### PROBLEM DESCRIPTION
Output exactly the lines below from the one containing "Barbie - Web" to the last line, both included. Omit pictures.

### SUPPLIED DATA
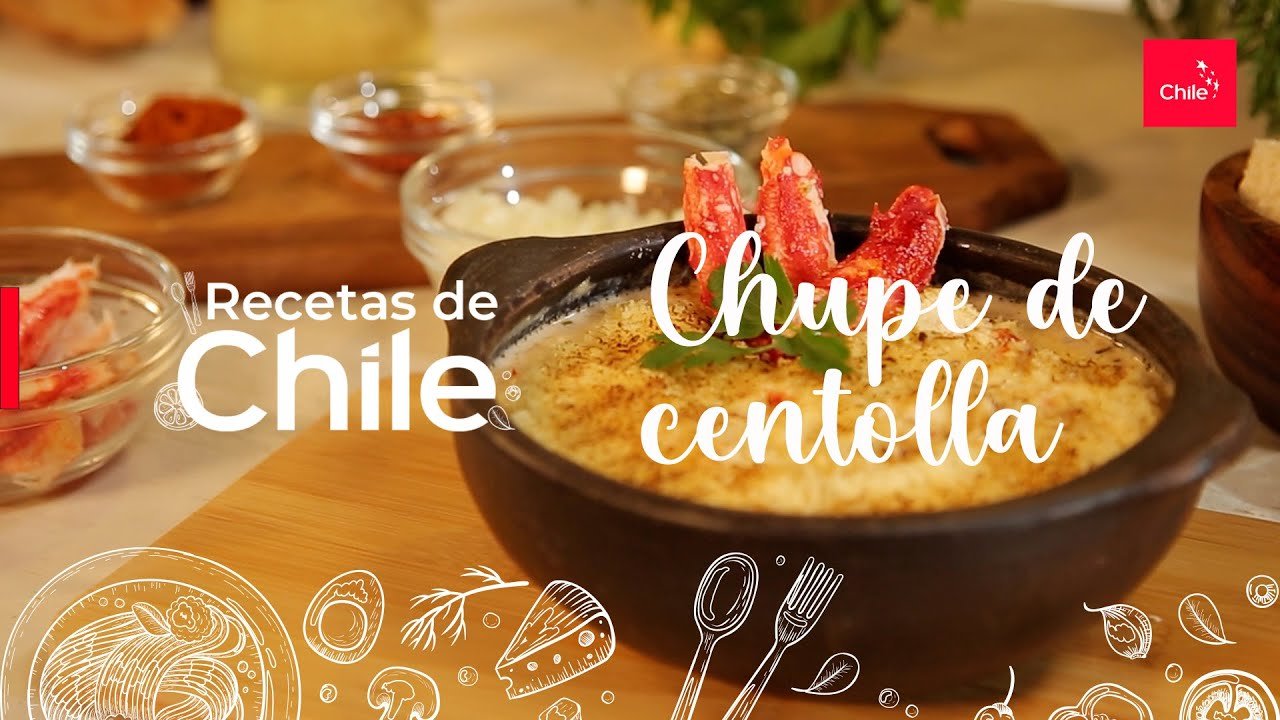 Receta de Chupe de centolla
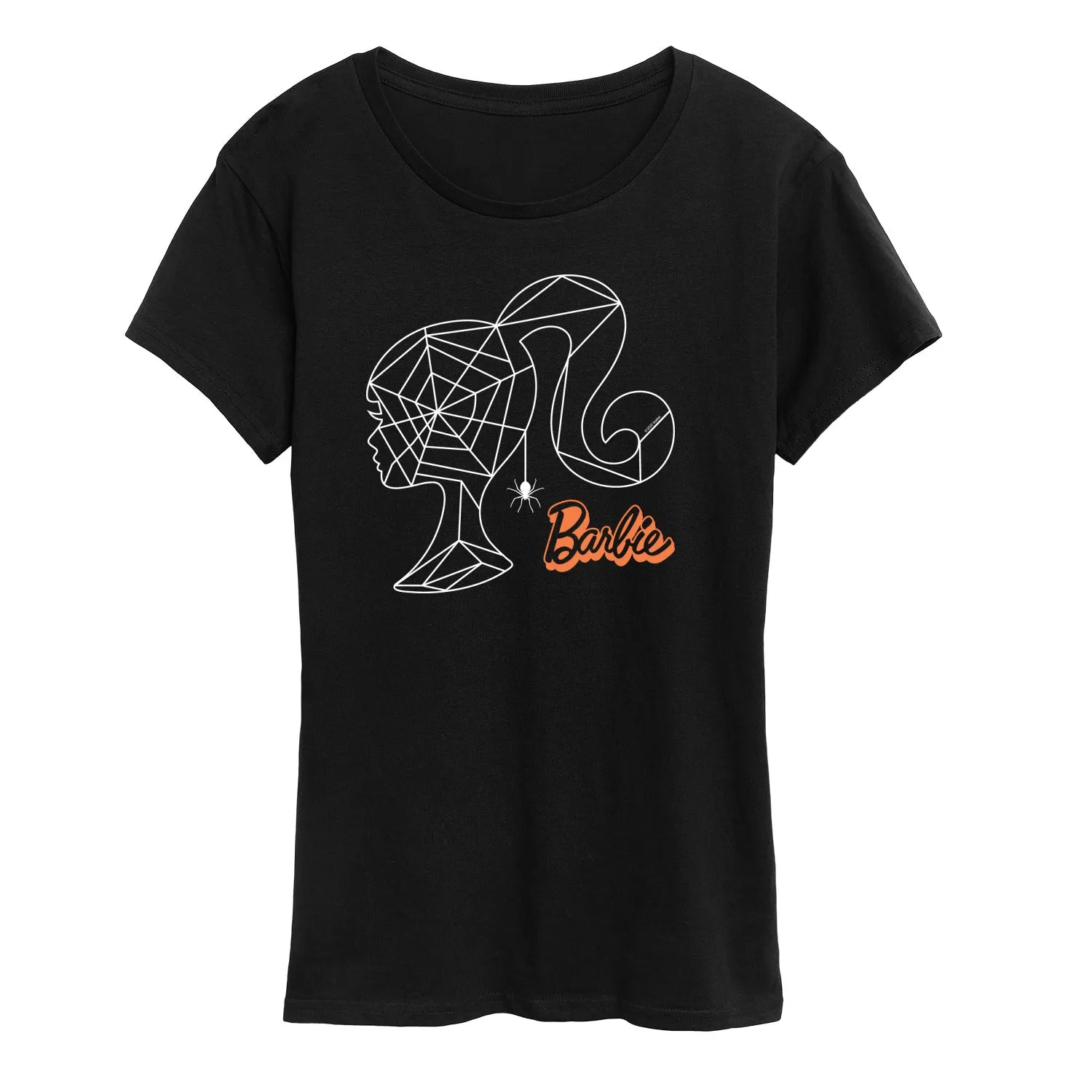 Barbie - Web Head - Women's Short Sleeve Graphic T-Shirt sold by Zulily product image thumbnail 2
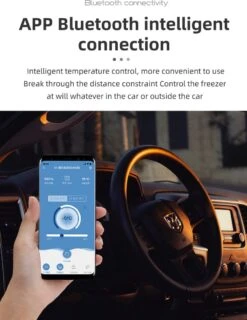 Alpicool 55L - Koelkast/vriezer - 12V-24V/230V - Compressor - APP - Voor Auto En Huis - Outdoor Camping Benodigdheden -Kampeeruitrusting 926x1200 3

### RESPONSE AREA
 Barbie - Web Head - Women's Short Sleeve Graphic T-Shirt sold by Zulily product image thumbnail 2
 Alpicool 55L - Koelkast/vriezer - 12V-24V/230V - Compressor - APP - Voor Auto En Huis - Outdoor Camping Benodigdheden -Kampeeruitrusting 926x1200 3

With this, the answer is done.